# import important modules
import pandas as pd
import numpy as np
import matplotlib.pyplot as plt
import seaborn as sns
plt.rcParams["axes.labelsize"] = 18
import warnings
warnings.filterwarnings('ignore')
%matplotlib inline
# Import data
data = pd.read_csv('/work/data/data.csv')
# print shape
print('train data shape :', data.shape)
train data shape : (23524, 13)
# Inspect Data by shing the first five rows
data.head()
countryobject
yearint64
0
Kenya
2018
1
Kenya
2018
2
Kenya
2018
3
Kenya
2018
4
Kenya
2018
#show list of columns
list(data.columns)
## show Some information about the dataset
print(data.info())
<class 'pandas.core.frame.DataFrame'>
RangeIndex: 23524 entries, 0 to 23523
Data columns (total 13 columns):
# Column Non-Null Count Dtype
--- ------ -------------- -----
0 country 23524 non-null object
1 year 23524 non-null int64
2 uniqueid 23524 non-null object
3 bank_account 23524 non-null object
4 location_type 23524 non-null object
5 cellphone_access 23524 non-null object
6 household_size 23524 non-null int64
7 age_of_respondent 23524 non-null int64
8 gender_of_respondent 23524 non-null object
9 relationship_with_head 23524 non-null object
10 marital_status 23524 non-null object
11 education_level 23524 non-null object
12 job_type 23524 non-null object
dtypes: int64(3), object(10)
memory usage: 2.3+ MB
None
# Check for missing values
print('missing values:', data.isnull().sum())
missing values: country 0
year 0
uniqueid 0
bank_account 0
location_type 0
cellphone_access 0
household_size 0
age_of_respondent 0
gender_of_respondent 0
relationship_with_head 0
marital_status 0
education_level 0
job_type 0
dtype: int64
# Frequency table of a variable will give us the count of each category in that Target variable.

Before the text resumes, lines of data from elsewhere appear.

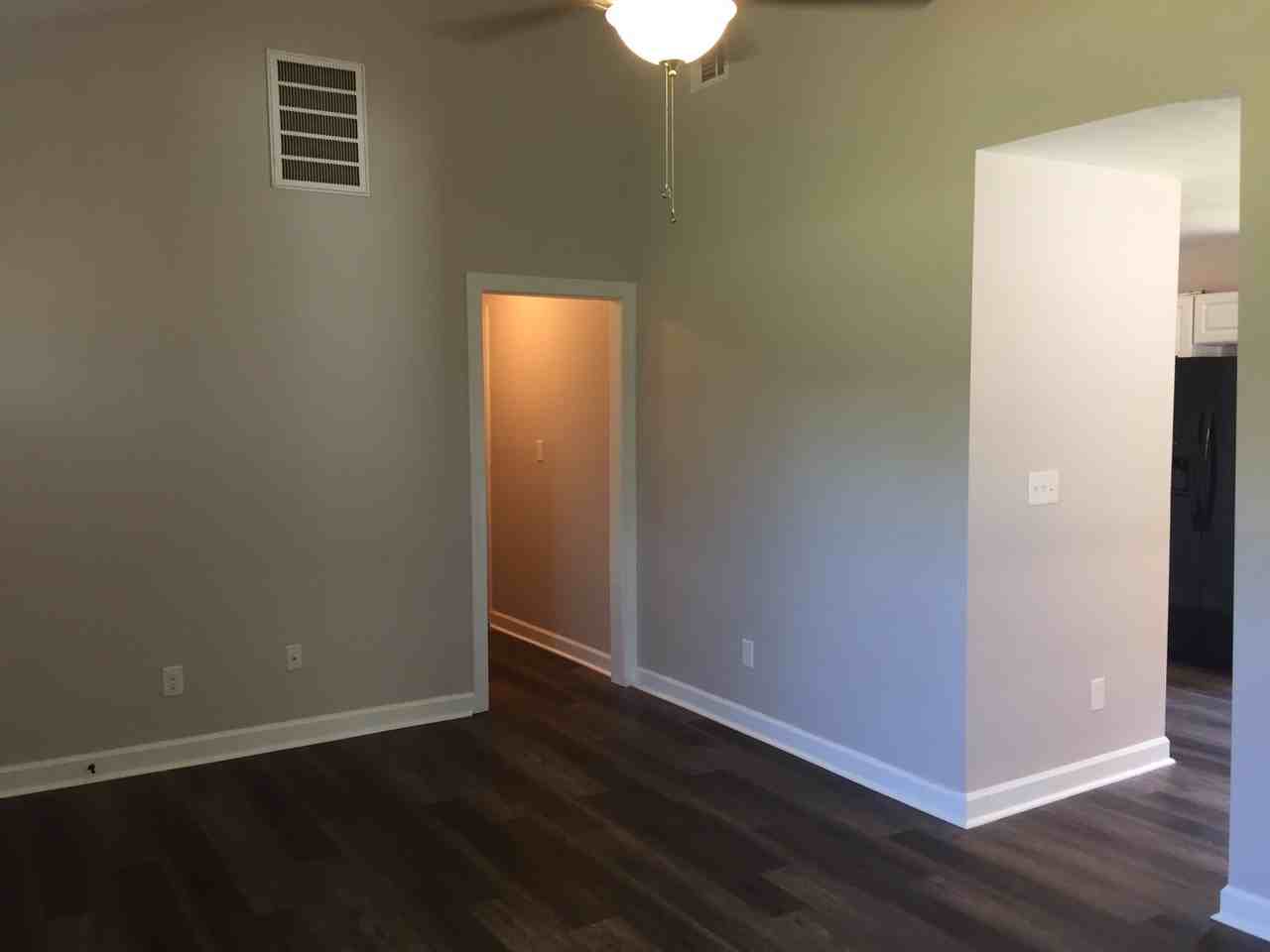 1359 Newmantown Rd - Photo 7 of 13
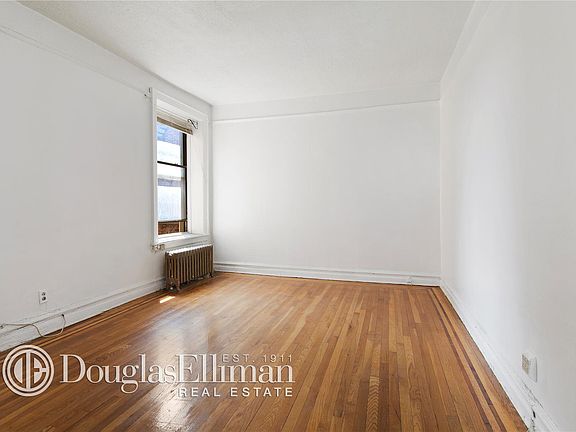 3rd image of 345 Montgomery St APT 5M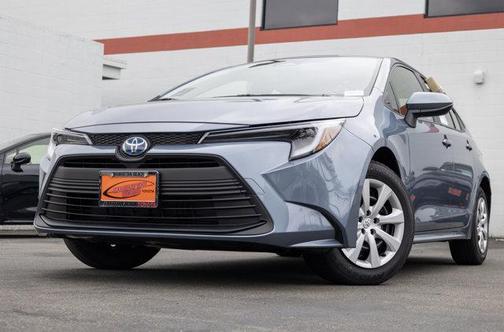 2025 Toyota Corolla Hybrid LE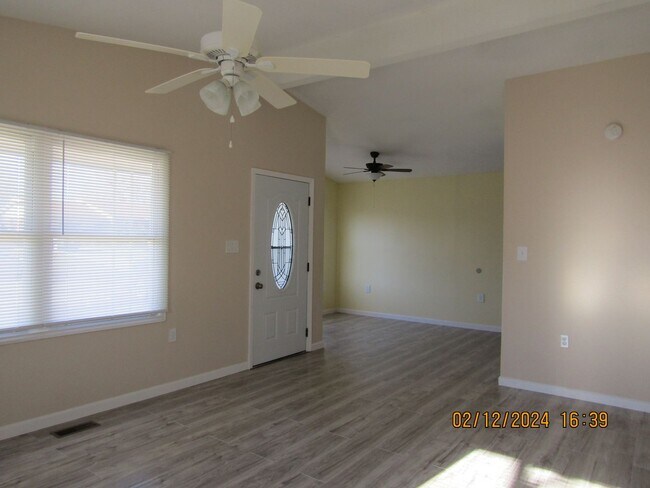 Building Photo - Great Home Located in the Ridgecrest Area!...
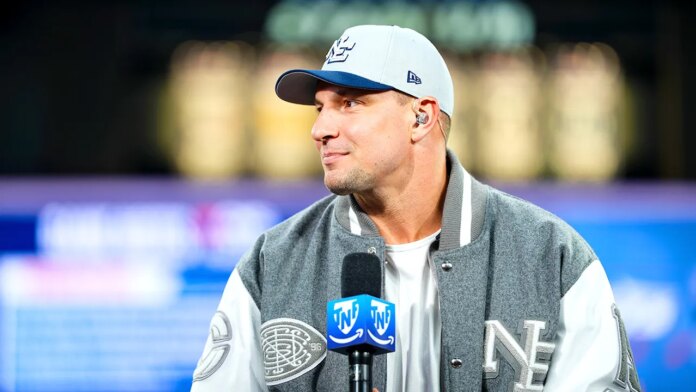 Rob Gronkowski Arkansas Dierks Hs Fox News 696x392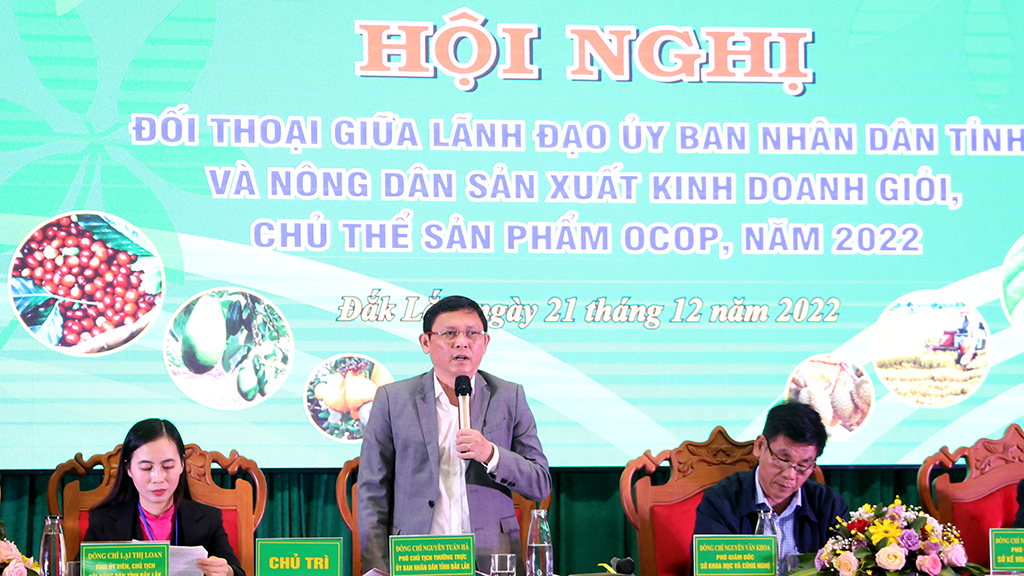 Lãnh đạo UBND tỉnh đối thoại với nông dân sản xuất kinh doanh giỏi, chủ thể sản phẩm OCOP năm 2022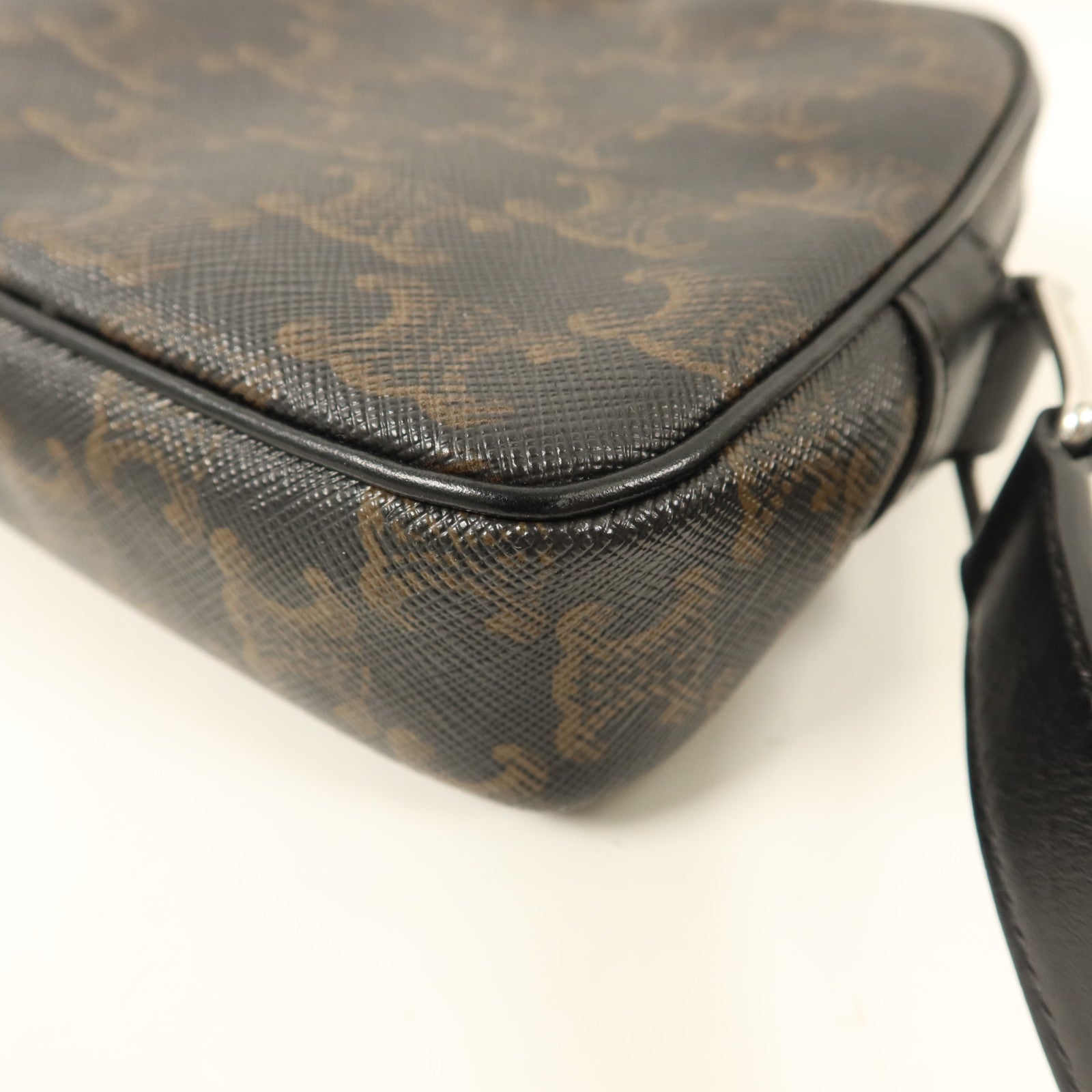CELINE 塗層帆布Camera Bag銀扣肩背袋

data['bank_account'].value_counts()
# Explore Target distribution
sns.catplot(x="bank_account", kind="count", data= data)
# Explore Country distribution
sns.catplot(x="country", kind="count", data=data)
# Explore Location distribution
sns.catplot(x="location_type", kind="count", data=data)
# Explore Years distribution
sns.catplot(x="year", kind="count", data=data)
# Explore cellphone_access distribution
sns.catplot(x="cellphone_access", kind="count", data=data)
# Explore gender_of_respondents distribution
sns.catplot(x="gender_of_respondent", kind="count", data=data)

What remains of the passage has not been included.